Captioned web images
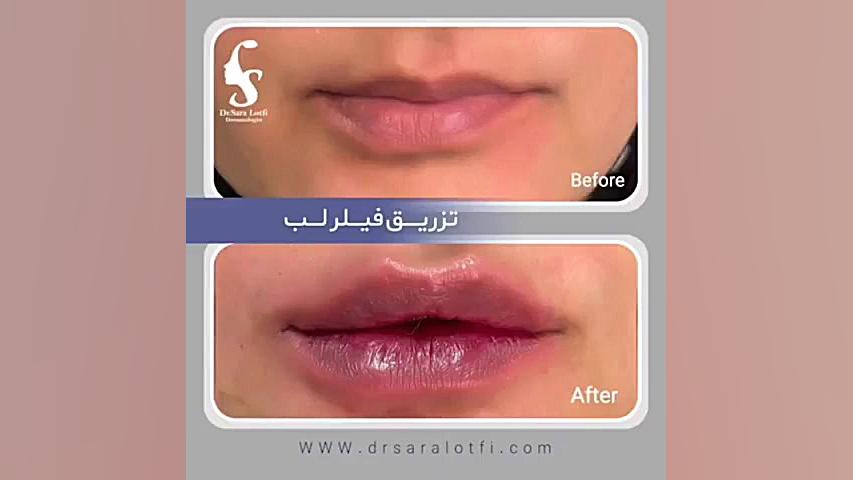 تزریق فیلر لب دکتر سار ا لطفی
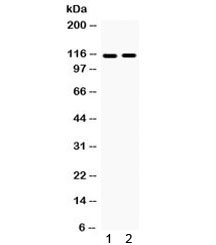 Anti-Eph Receptor A5 / EphA5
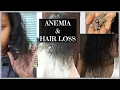 Anemia Hair Loss My Story and Recovery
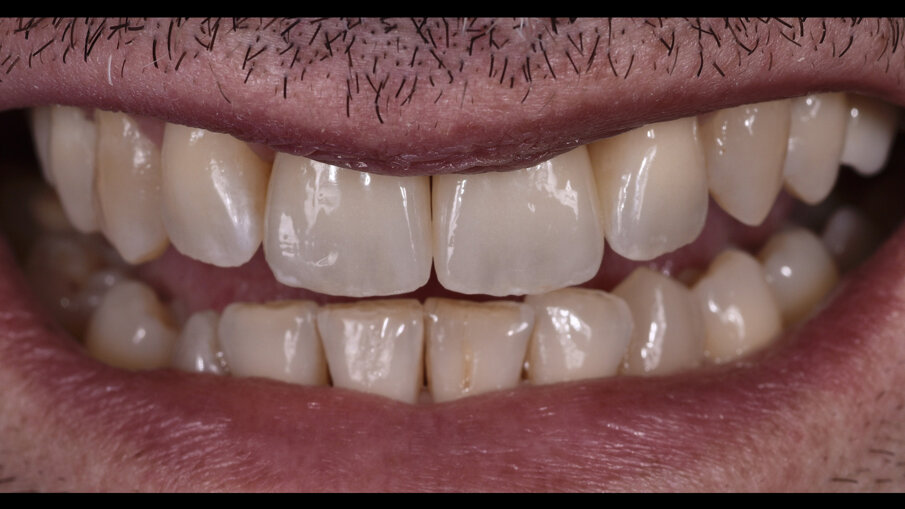 Figg. 17, 18_Armonia delle nuove forme e il rapporto dei denti con le labbra del paziente.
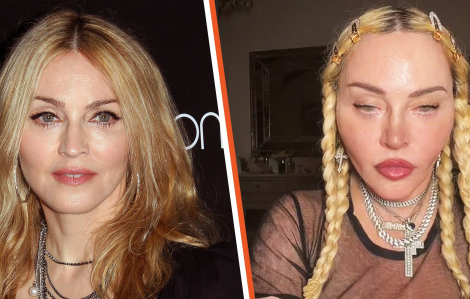 Madonna bị chỉ trích vì quá lạm dụng dao kéo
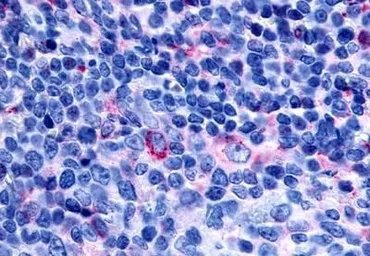 Anti-GPR65 antibody used in IHC (Paraffin sections) (IHC-P). GTX70559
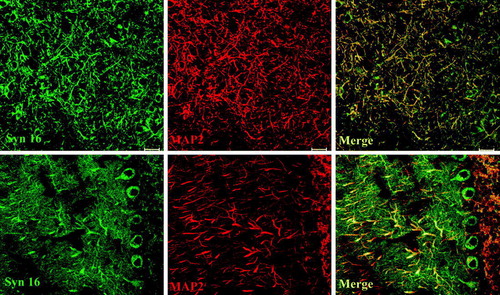 Figure 3.  Syn 16 staining is specifically concentrated in dendrites. 30 µm cryosections of adult mouse brain were double-labeled with rabbit antibody against Syn 16 (FITC, green) and mouse monoclonal antibodies against neuronal (dendritic) marker MAP-2 (Texas Red, red). The upper panel illustrates an area densely populated with dendrite. The lower panel shows part of the cerebellum where Purkinje cell bodies and its dendritic tree projection into the molecular layer. Scale bar = 20 µm.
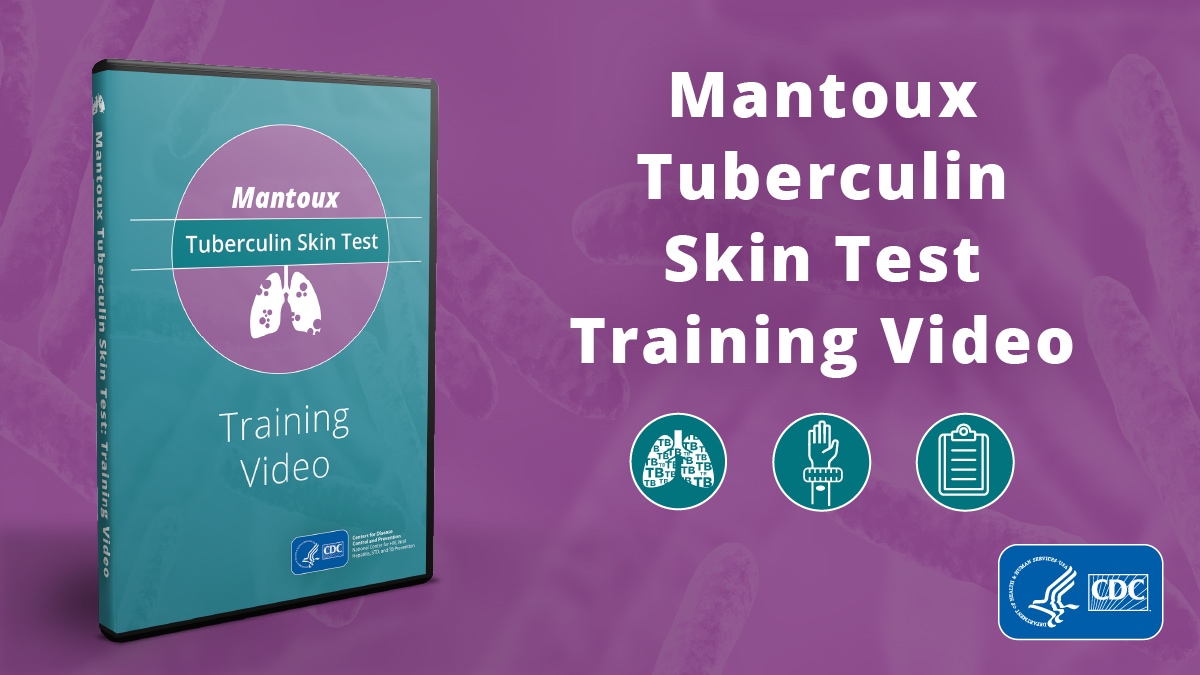 A Graphic of Mantoux Tuberculin Skin Testing DVD with an image of the DVD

• What to produce:
Nothing but the lines from the one holding "Anemia Hair Loss My Story and Recovery" through the final line of the entries should be retyped, exactly as they stand and without pictures.

• Output below:
 Anemia Hair Loss My Story and Recovery
 Figg. 17, 18_Armonia delle nuove forme e il rapporto dei denti con le labbra del paziente.
 Madonna bị chỉ trích vì quá lạm dụng dao kéo
 Anti-GPR65 antibody used in IHC (Paraffin sections) (IHC-P). GTX70559
 Figure 3.  Syn 16 staining is specifically concentrated in dendrites. 30 µm cryosections of adult mouse brain were double-labeled with rabbit antibody against Syn 16 (FITC, green) and mouse monoclonal antibodies against neuronal (dendritic) marker MAP-2 (Texas Red, red). The upper panel illustrates an area densely populated with dendrite. The lower panel shows part of the cerebellum where Purkinje cell bodies and its dendritic tree projection into the molecular layer. Scale bar = 20 µm.
 A Graphic of Mantoux Tuberculin Skin Testing DVD with an image of the DVD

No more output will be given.